Why are there significant emissions from hydroelectric power

This is because large amounts of carbon tied up in trees and other plants are released when the reservoir is initially flooded and the plants rot. Seasonal changes in water depth mean there is a continuous supply of decaying material. In the dry season plants colonise the banks of the reservoir only to be engulfed when the water level rises. In effect man-made reservoirs convert carbon dioxide in the atmosphere into methane. Claiming that hydro projects are net producers of greenhouse gases is not new New Scientist print edition, 3 June but the issue now appears to be climbing up the political agenda.

Methane production will go unchecked because climate scientists cannot agree on how significant this is; it will also vary between dams. The research, which examines recent studies on greenhouse gas emissions from large reservoirs around the world, also calls into question the wisdom of building more hydroelectric dams as countries try to nix their dependence on coal, natural gas and oil. An estimated 3, new dams are proposed or under construction around the globe, the study reports.

It suggests the hydropower industry will need to control its emissions. But industry officials in the US say the study misrepresents the benefit of hydropower in the fight to rein in global warming.

Hydropower is often considered a source of renewable electricity because its fuel, water, is constantly replenished by nature. Others are limited to water storage and flood protection duties, and some of them are good candidates for electricity generation, he adds. As recently as a decade ago, little was known about emissions from water storage reservoirs.

But understanding has evolved rapidly. For instance, researchers initially thought shallow reservoirs in tropical regions were the largest emitters because their stored water was more prone to heating up, which could fuel greenhouse gas production.
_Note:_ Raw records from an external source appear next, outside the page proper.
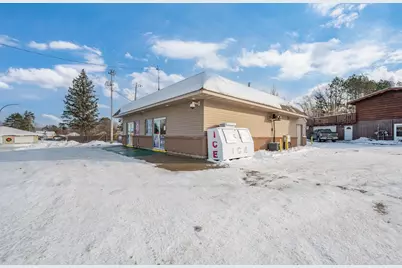 504 Powell Avenue, Coleraine, MN 55722 - Photo 3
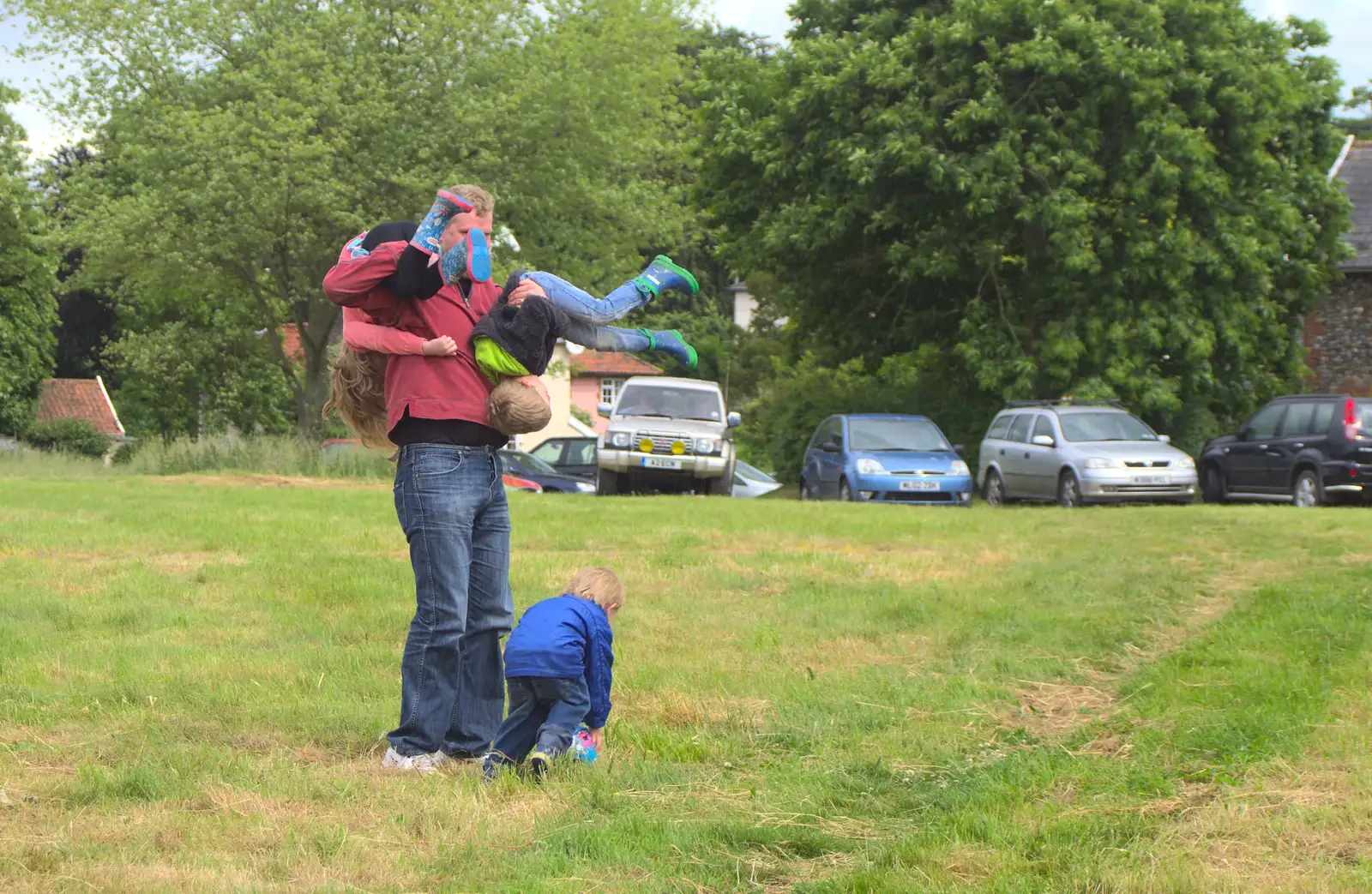 Bill plays with the boys, from Thrandeston Pig Roast and Tractors, Thrandeston Little Green, Suffolk - 23rd June 2013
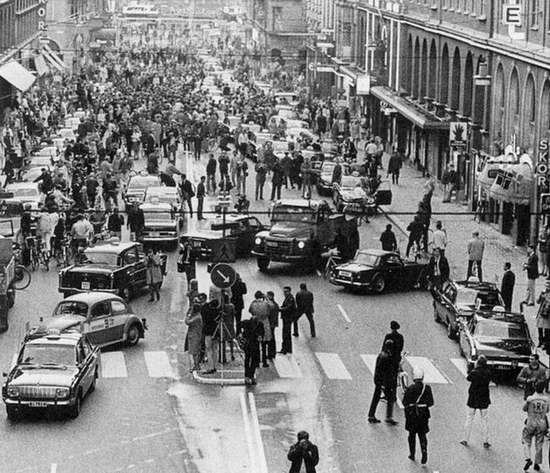 ͼΪ���涨��ʻ���������л����Ҳ��ĵ�һ���糿����̱ͨ��������һ�ţ�1967�ꡣ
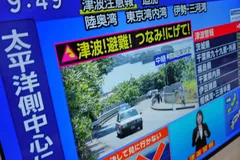 Cảnh báo sóng thần trên truyền thông ở Yokohama, gần Tokyo, sau khi Nhật Bản ban hành cảnh báo sau trận động đất mạnh ngoài khơi bán đảo Kamchatka. Ảnh: City News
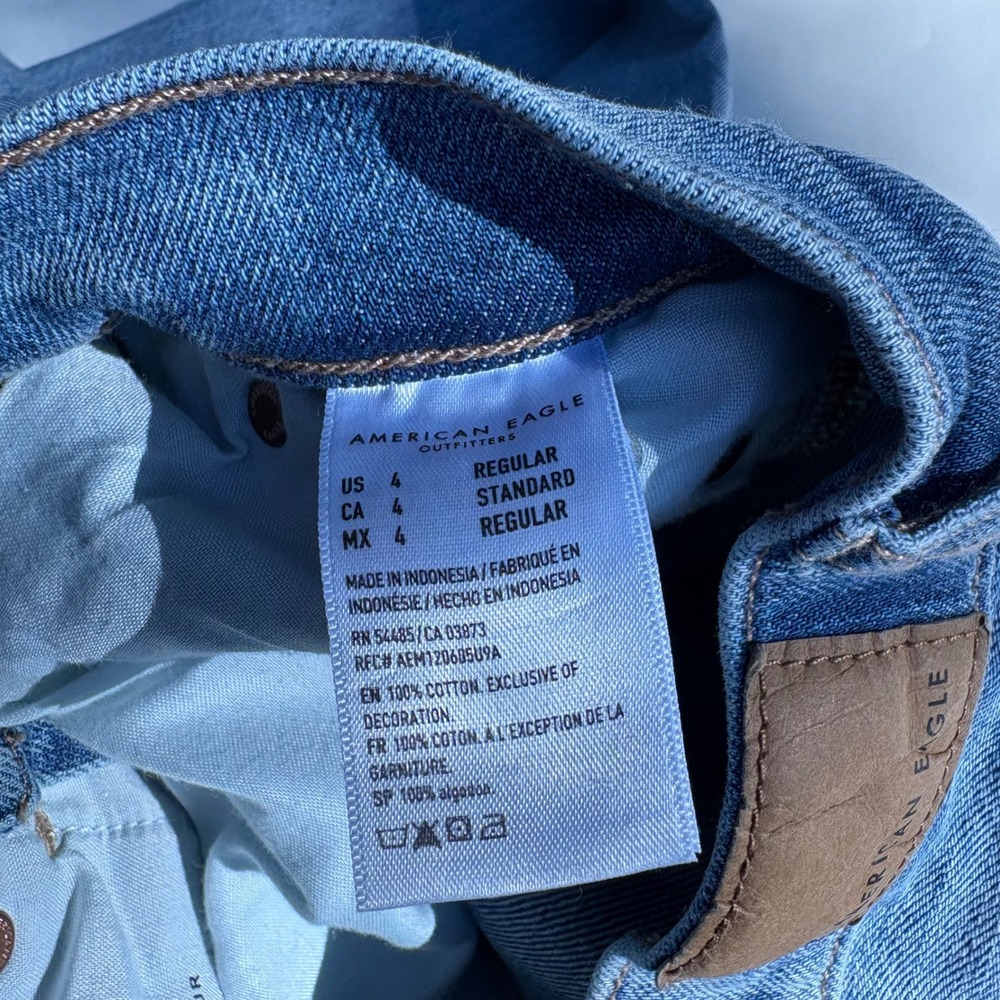 American Eagle Baggy Jean Light Wash Distressed High Rise Denim Size 4 Regular - Picture 5 of 5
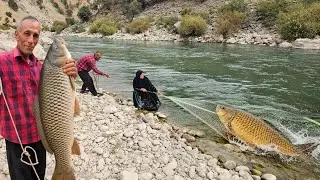 😱🎣 Catching a Giant Fish in the River! 🐟 | Fishing, Grilled Fish & an Amazing Day
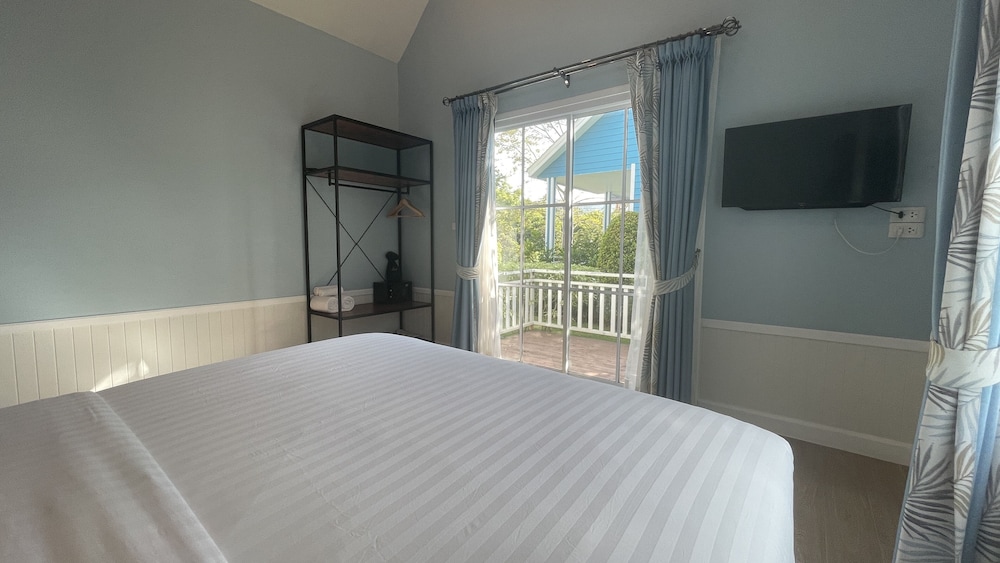 Family Room, 3 Bedrooms, Balcony - Photo 5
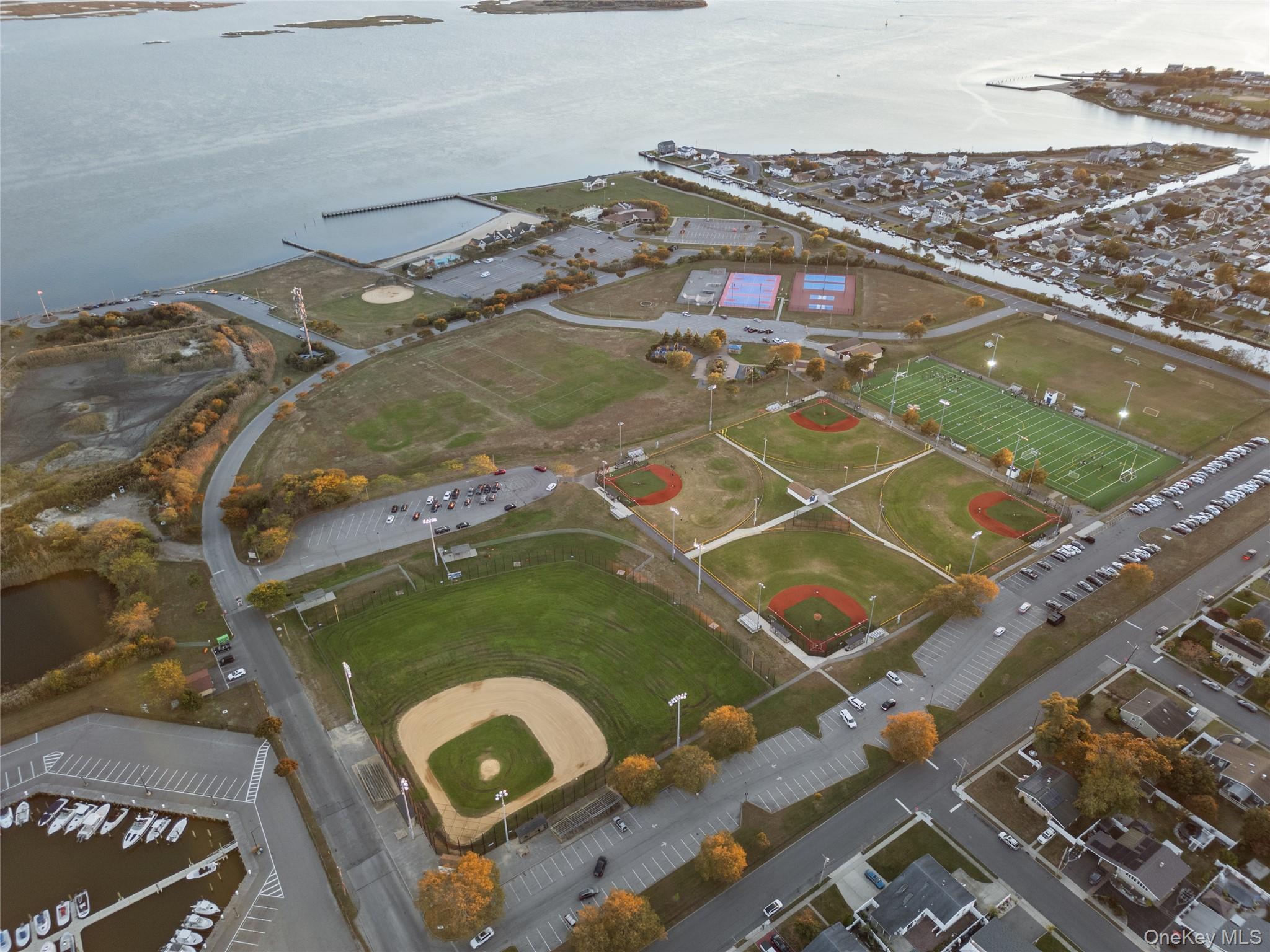 Single Family Hayes  Suffolk County, NY 11701, MLS-916040-35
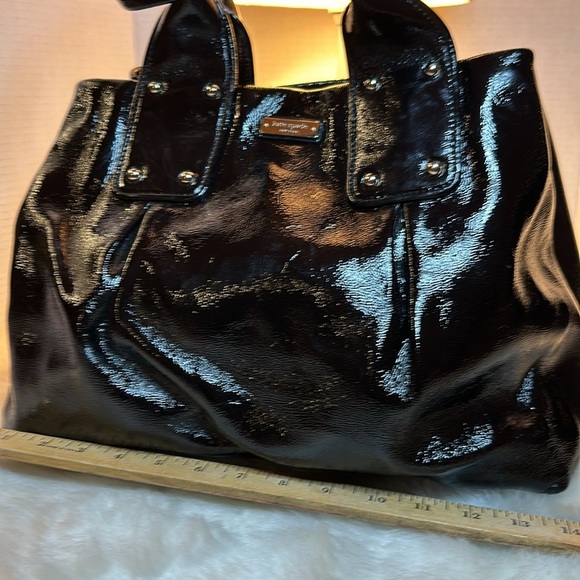 Kate Spade patten leather bag - Picture 3 of 11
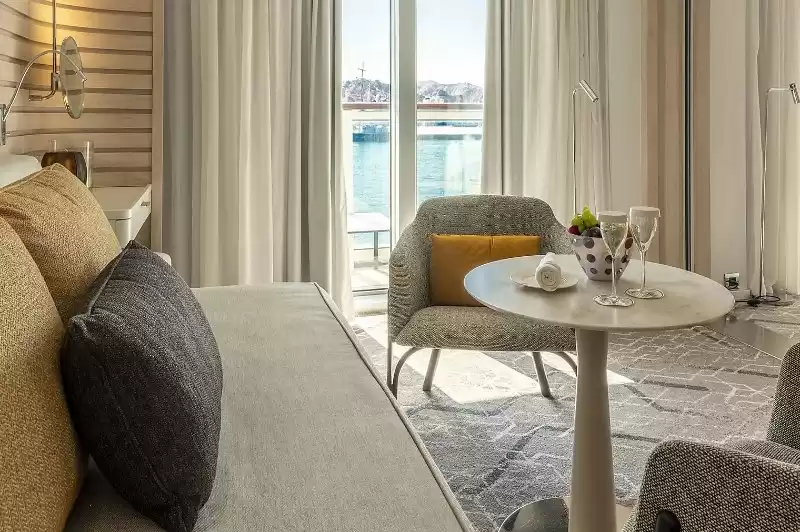 Prestige Suite Deck 6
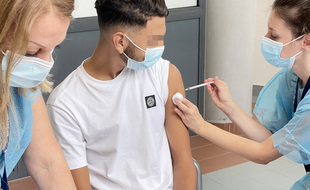 Un des 20 élèves vaccinés jeudi au lycée Guillaume Apollinaire, à Nice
But analysis by Deemer and her colleagues shows that the latitude and depth of water are not leading factors. The nutrient runoff can be from natural processes or from farming, logging and land development. Using data from the reservoirs, the authors estimate total emissions from all reservoirs worldwide and conclude that those water storage facilities account for 1.

Another new study published by the journal PLOS One reaches similar conclusions, although it finds carbon dioxide to be a bigger share of emissions than methane. After examining data from more than 1, dams worldwide, it identifies the rate of soil erosion into a reservoir as a leading predictor of carbon dioxide emissions.

It would be a grave mistake to continue to finance those with the impression that they were part of the solution to the climate crisis. Edenhofer, R. Pichs-Madruga, Y. Sokona, K. Seyboth, P. Matschoss, S. Kadner, T. Zwickel, P. Eickemeier, G. Hansen, S. We use cookies to improve your experience.

By continuing, you accept our use of cookies. Learn more. Table of Contents. Learn how moving water is converted into electricity in this comprehensive overview, including a discussion of the hydropower resource, its environmental and societal impacts, and the potential for future expansion of hydroelectic energy.

Land use. Renewable energy—wind, solar, geothermal, hydroelectric, and biomass—provides substantial benefits for our climate, our health, and our economy. Land use The size of the reservoir created by a hydroelectric project can vary widely, depending largely on the size of the hydroelectric generators and the topography of the land. Wildlife impacts. Wildlife impacts Dammed reservoirs are used for multiple purposes, such as agricultural irrigation, flood control, and recreation, so not all wildlife impacts associated with dams can be directly attributed to hydroelectric power.

Life-cycle global warming emissions. References: [1] Fearnside, Phillip M.